BOSTON--Economists are divided over China's role in helping the Group of 20 industrialized nations stabilize the world financial system.
Speaking after the historic meeting of G-20 leaders in London on April 2, Chinese Foreign Minister Yang Jiechi said that President Hu Jintao's proposals played "an important and constructive role," the official Xinhua news agency said.
In a lengthy 29-point communique, the G-20 nations agreed to fight the global recession and "do whatever is necessary to ... restore confidence, growth and jobs."
In the most significant measure, the group backed $1.1 trillion (7.5 trillion yuan) in International Monetary Fund financing as part of "a global plan for recovery on an unprecedented scale," according to the G-20 joint communique.
But China's part in the package appeared limited in relation to its size as perhaps the world's second-largest economy after the United States.
Although China holds some $2 trillion in foreign currency reserves, it has so far committed only $40 billion to the new IMF program, Reuters reported. That compares with specific pledges of $100 billion each from the United States, the European Union, and Japan.
China holds back
"China consistently plays well under its weight," said Gary Hufbauer, senior fellow at the Peterson Institute for International Economics in Washington, in a Radio Free Asia interview. "They punched well below their weight in terms of any bold proposals."
Hufbauer cited hopes that China will match the other major contributions to IMF financing when quotas in the global lending institution are readjusted by the end of next year. Despite China's growing economic power, its share of drawing rights and voting in the IMF has remained at about 3.7 percent, compared with 6 percent for Japan and 17 percent for the United States.
On the key issue of a coordinated stimulus effort to restart global growth, Hu also held back, although China has announced a major 4-trillion-yuan ($586-billion) plan to jump start its own economy. Controversies over stimulus spending kept the G-20 from agreeing to any concerted move.
Despite a call from the United States, European officials resisted new stimulus pledges, emphasizing greater regulation of financial markets instead. The result was a setback for the stimulus approach.
"China didn't really press the way the U.S. was pressing ahead of the meeting for more fiscal stimulus commitments by a variety of countries including Europe, so that whole part of the program just withered away as the communique was being prepared," Hufbauer said.

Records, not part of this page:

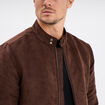 Blouson col biker en su&eacute;dine zipp&eacute; marron fonc&eacute; homme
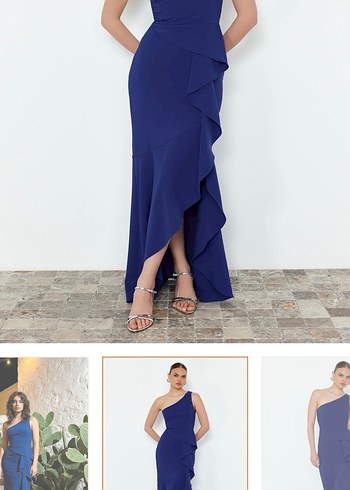 Lacivert V Yakalı Uzun Kadın Elbise - Görsel 3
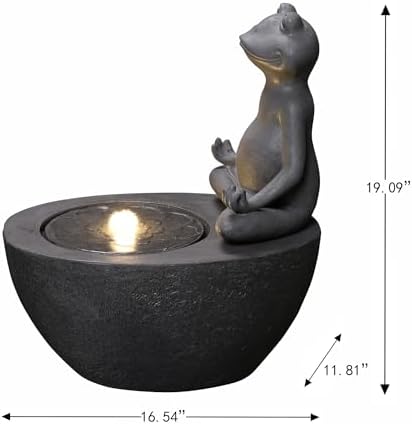 Meditating Frog Fountain with LED Lights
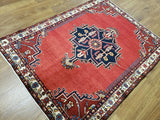 Persian Rug Hand Knotted Oriental Rug Semi Antique Persian Heriz Rug 3'9X5'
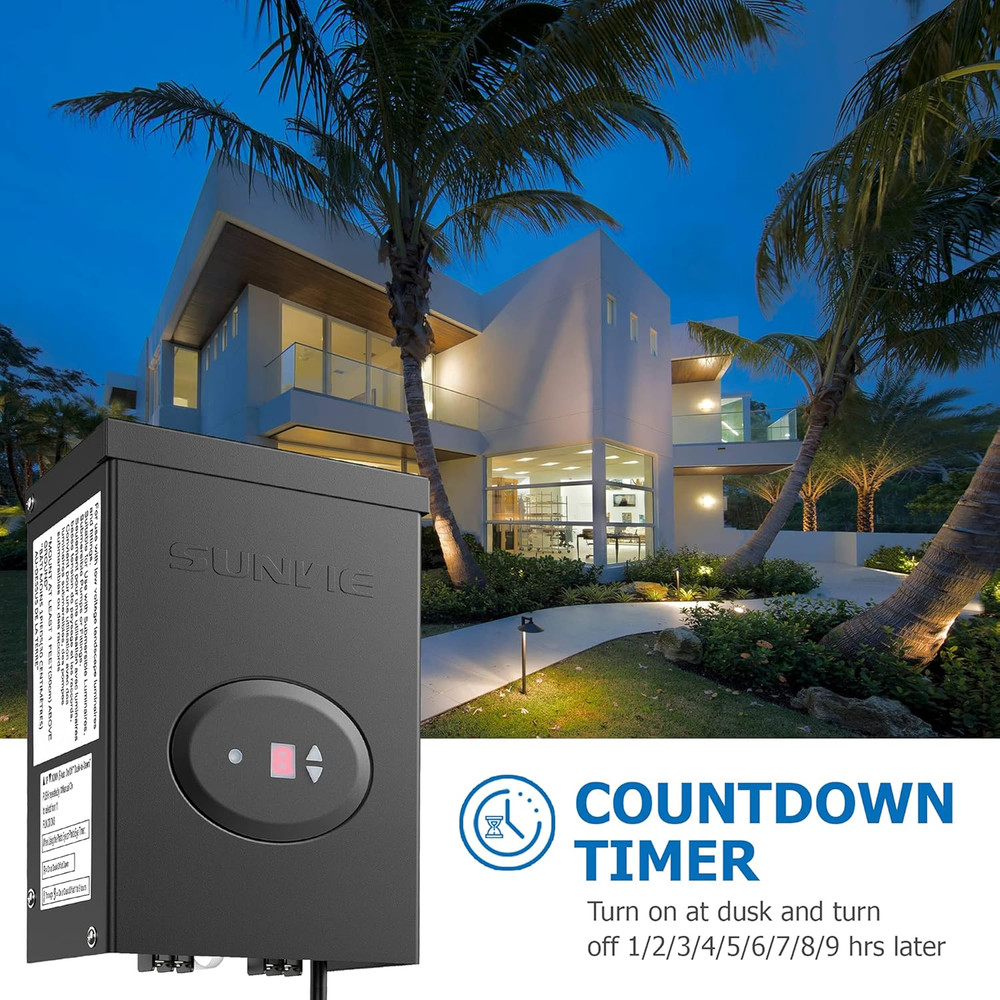 200W Low Voltage Landscape Lighting Transformer with Timer and Photocell Sensor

China's influence was felt on the regulation issue as Beijing lobbied to keep its special administrative regions of Hong Kong and Macao from being listed as tax havens subject to regulatory crackdowns. On April 7, four havens in Costa Rica, Malaysia, the Philippines, and Uruguay agreed to new banking disclosure rules under pressure of being placed on an international blacklist.
But aside from defending its banking privileges, much of China's influence on the G-20 remained in the background.

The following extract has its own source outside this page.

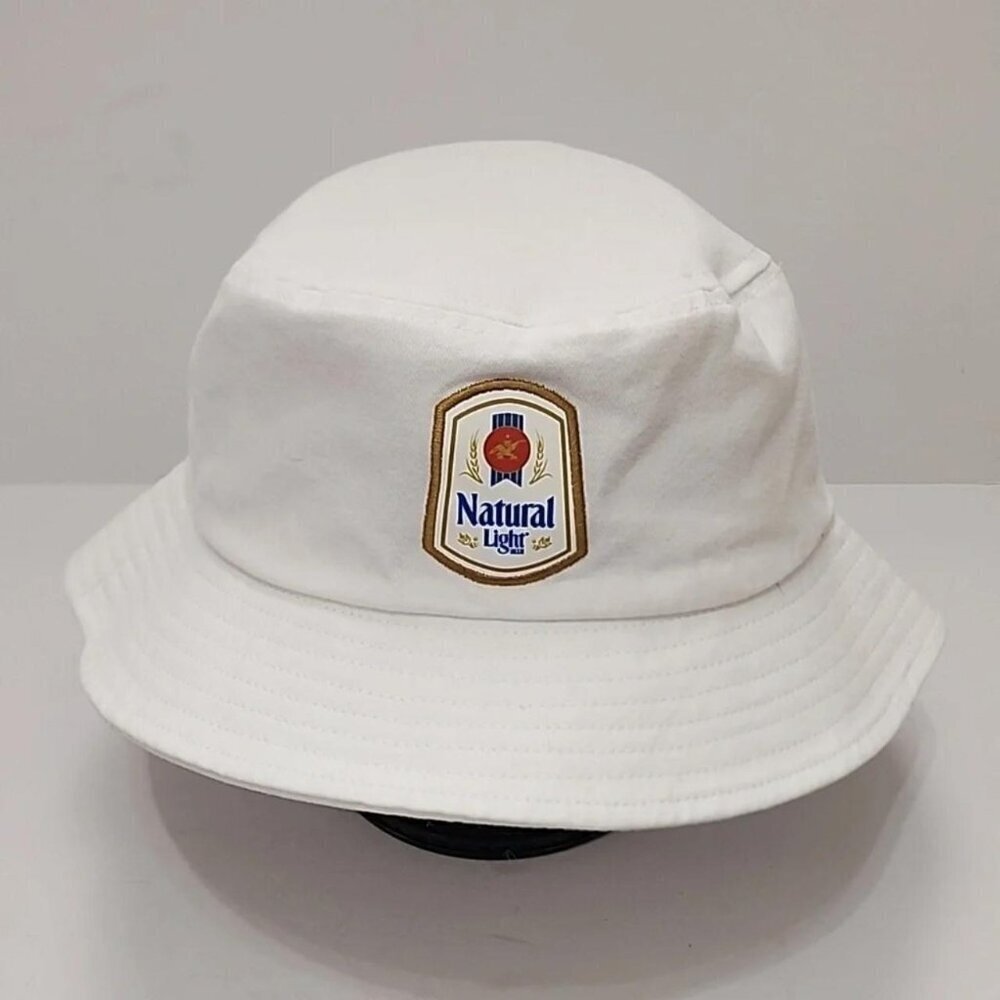 Quake City Caps Natural Light Beer Bucket Hat White Cotton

"That seems to be their preferred diplomacy for the moment, just to be seen to be a quietly cautious giant," said Hufbauer. "Bold leadership does not seem to be something they're willing to step out with."
But Harvard University economist Dale Jorgenson argued that China's agreement to support the IMF financing was significant.
"It's very important that China contributed to the refunding of the IMF," said Jorgenson.
"I think this is something that's quite surprising given the fact that the main beneficiaries of the financing offered by the IMF are going to be countries in Eastern Europe, which are countries that are at a considerably higher level of per capita income than China," he said.
Jorgenson said the move also indicates a willingness to invest in resuscitating international trade with emerging economies, in which China has a vital interest.
"China is extremely important in international trade," said Jorgenson. "If you look at the situation in Asia, China- Japan trade, or trade with other Asian countries, China really looms very large."
Last week, China gave further evidence of its effort to revive trade with the 10 members of the Association of Southeast Asian Nations (ASEAN).
On April 11, Minister Yang told Xinhua that Premier Wen Jiabao had planned to announce $25 billion in investment funding and credits for ASEAN countries at their cancelled summit in Pattaya, Thailand. Although the meeting was called off due to violent protests and civil unrest, Wen said cooperation would not be affected by the postponement, according to Xinhua.
The funding for ASEAN suggests that China may have planned all along to make its influence felt with an impact outside the framework of the G-20 meeting.
But Jorgenson and Hufbauer agreed there was little enthusiasm in the G-20 for China's proposal to replace the dollar as a reserve currency with IMF "special drawing rights," a unit of accounting linked to a basket of currencies and shares in the fund.
"It wasn't terribly well-conceived to begin with," said Jorgenson. "The idea of special drawing rights as a reserve currency doesn't make any sense, because that's essentially an internal currency among IMF members and it's not something that could really replace the dollar as an international reserve currency."
The global financial crisis has shown that the dollar remains the pre-eminent reserve currency for international markets, said Jorgenson. China may be showing some concern about over-investment in dollars, but its proposal to shift the world away from the currency looks like a nonstarter.
"I don't think that's going to get any traction any time soon," Jorgenson said.
Hufbauer said China's plan appeared dead on arrival in London.
"There's a lot of guessing as to why they raised the question now and how serious they are, but in terms of the G-20 meeting, that really didn't come up," he said.